ACTION ITEM
Show every line from the data below that includes "Automoto".

:: RECORDS FOR THIS EXERCISE

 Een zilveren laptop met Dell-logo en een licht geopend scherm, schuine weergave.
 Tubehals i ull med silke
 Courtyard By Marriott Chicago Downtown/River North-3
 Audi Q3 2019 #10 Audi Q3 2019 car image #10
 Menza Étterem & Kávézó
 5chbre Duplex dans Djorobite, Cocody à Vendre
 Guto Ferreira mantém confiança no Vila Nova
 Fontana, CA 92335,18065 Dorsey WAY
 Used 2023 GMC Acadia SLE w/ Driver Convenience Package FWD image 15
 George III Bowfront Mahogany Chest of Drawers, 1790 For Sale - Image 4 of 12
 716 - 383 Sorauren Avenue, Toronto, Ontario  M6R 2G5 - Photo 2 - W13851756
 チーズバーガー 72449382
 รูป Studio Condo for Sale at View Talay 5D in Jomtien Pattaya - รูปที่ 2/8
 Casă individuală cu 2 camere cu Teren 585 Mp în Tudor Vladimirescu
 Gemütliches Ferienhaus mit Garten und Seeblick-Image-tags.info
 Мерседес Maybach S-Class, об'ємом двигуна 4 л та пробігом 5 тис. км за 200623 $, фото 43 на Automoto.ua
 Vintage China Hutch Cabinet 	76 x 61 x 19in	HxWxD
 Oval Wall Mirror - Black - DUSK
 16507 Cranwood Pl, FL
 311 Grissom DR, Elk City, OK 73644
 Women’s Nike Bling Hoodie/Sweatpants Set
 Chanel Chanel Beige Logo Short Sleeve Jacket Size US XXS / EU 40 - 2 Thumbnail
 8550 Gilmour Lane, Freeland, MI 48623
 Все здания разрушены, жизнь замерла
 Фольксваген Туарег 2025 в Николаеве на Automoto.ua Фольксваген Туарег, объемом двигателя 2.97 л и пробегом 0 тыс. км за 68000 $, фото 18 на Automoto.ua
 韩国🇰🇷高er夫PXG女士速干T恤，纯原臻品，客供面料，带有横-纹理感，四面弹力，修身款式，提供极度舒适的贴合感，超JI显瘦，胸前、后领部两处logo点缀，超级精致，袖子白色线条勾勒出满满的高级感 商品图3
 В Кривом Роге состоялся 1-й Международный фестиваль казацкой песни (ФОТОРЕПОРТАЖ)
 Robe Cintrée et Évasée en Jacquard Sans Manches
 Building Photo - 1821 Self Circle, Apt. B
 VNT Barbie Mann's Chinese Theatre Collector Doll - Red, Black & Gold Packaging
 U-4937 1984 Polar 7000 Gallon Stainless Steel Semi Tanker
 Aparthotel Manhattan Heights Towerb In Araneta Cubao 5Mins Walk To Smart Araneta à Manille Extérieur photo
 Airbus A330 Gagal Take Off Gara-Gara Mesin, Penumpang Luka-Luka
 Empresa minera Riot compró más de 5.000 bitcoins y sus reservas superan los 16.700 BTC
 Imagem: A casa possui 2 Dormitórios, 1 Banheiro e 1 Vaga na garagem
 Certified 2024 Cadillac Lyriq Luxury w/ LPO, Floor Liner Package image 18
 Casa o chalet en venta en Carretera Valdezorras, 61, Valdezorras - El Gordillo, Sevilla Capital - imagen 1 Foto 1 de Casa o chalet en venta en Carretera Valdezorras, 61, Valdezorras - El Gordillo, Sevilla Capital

::::

EXERCISE ANSWER
 Мерседес Maybach S-Class, об'ємом двигуна 4 л та пробігом 5 тис. км за 200623 $, фото 43 на Automoto.ua
 Фольксваген Туарег 2025 в Николаеве на Automoto.ua Фольксваген Туарег, объемом двигателя 2.97 л и пробегом 0 тыс. км за 68000 $, фото 18 на Automoto.ua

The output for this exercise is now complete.